Bisnis.com, JAKARTA – Maraknya produk digital pay later diyakini menjadi penyebab melambatnya pertumbuhan bisnis kartu kredit.
General Manager Asosiasi Kartu Kredit Indonesia (AKKI) Steve Martha mencatat selama 2019 pertumbuhan penggunaan kartu kredit hanya 5 persen. Padahal tahun sebelum sebelumnya bisnis pembiayaan melalui kartu kredit dapat tumbuh 8 persen sampai 9 persen.
"Transaksi yang nilainya kecil orang akan mengandalkan dompet digital (pay later), tentu transaksi besar orang akan pakai kartu kredit, ke depan harus saling komplemen," kata Steve, Kamis (13/2/2020).
Dengan kondisi seperti ini, Stave meyakini bisnis kartu kredit akan segera pulih. Setelah era pay later mencapai titik keseimbangan, maka permintaan kartu kredit akan kembali tumbuh.
Stave menyebutkan lebih lambatnya bisnis pembayaran melalui kartu dibandingkan perkiraan, disebabkan layanan pay later menggelar promo besar-besaran. Terutama untuk kegiatan konsumtif seperti pembayaran tagihan di restoran, perjalanan hingga belanja di pusat perbelanjaan. Segmen yang sama dengan karakteristik nasabah kartu kredit.

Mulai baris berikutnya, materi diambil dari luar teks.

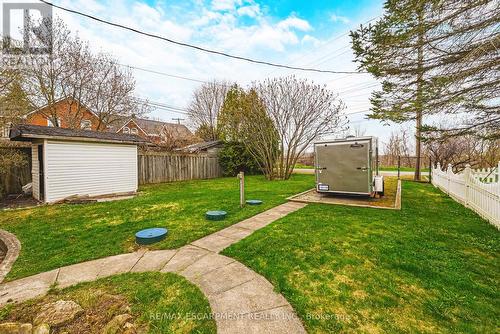 110 Freelton Road, Hamilton, ON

"Ada perlambatan, tetapi ke depan [kartu kredit] tetap berkembang," sebutnya.
Bank Indonesia mencatat, hingga triwulan III/2019 jumlah pemegang kartu kredit di Indonesia mengalami penurunan. Tercatat jumlah kartu Kredit yang beredar turun 0,13 persen dari 17,3 juta kartu menjadi 17,28 juta.
Pay later merupakan produk yang dikeluarkan oleh perusahaan teknologi finansial. Produk ini memiliki skema mirip dengan kartu kredit dimana perusahaan pembiayaan memberikan talangan terlebih dahulu. Selanjutnya nasabah dapat mencicil belanja yang dilakukan atau langsung melunasi. Tercatat sejumlah perusahaan teknologi raksasa seperti Gojek, Traveloka, OVO, Kredivo memiliki layanan pay later ini.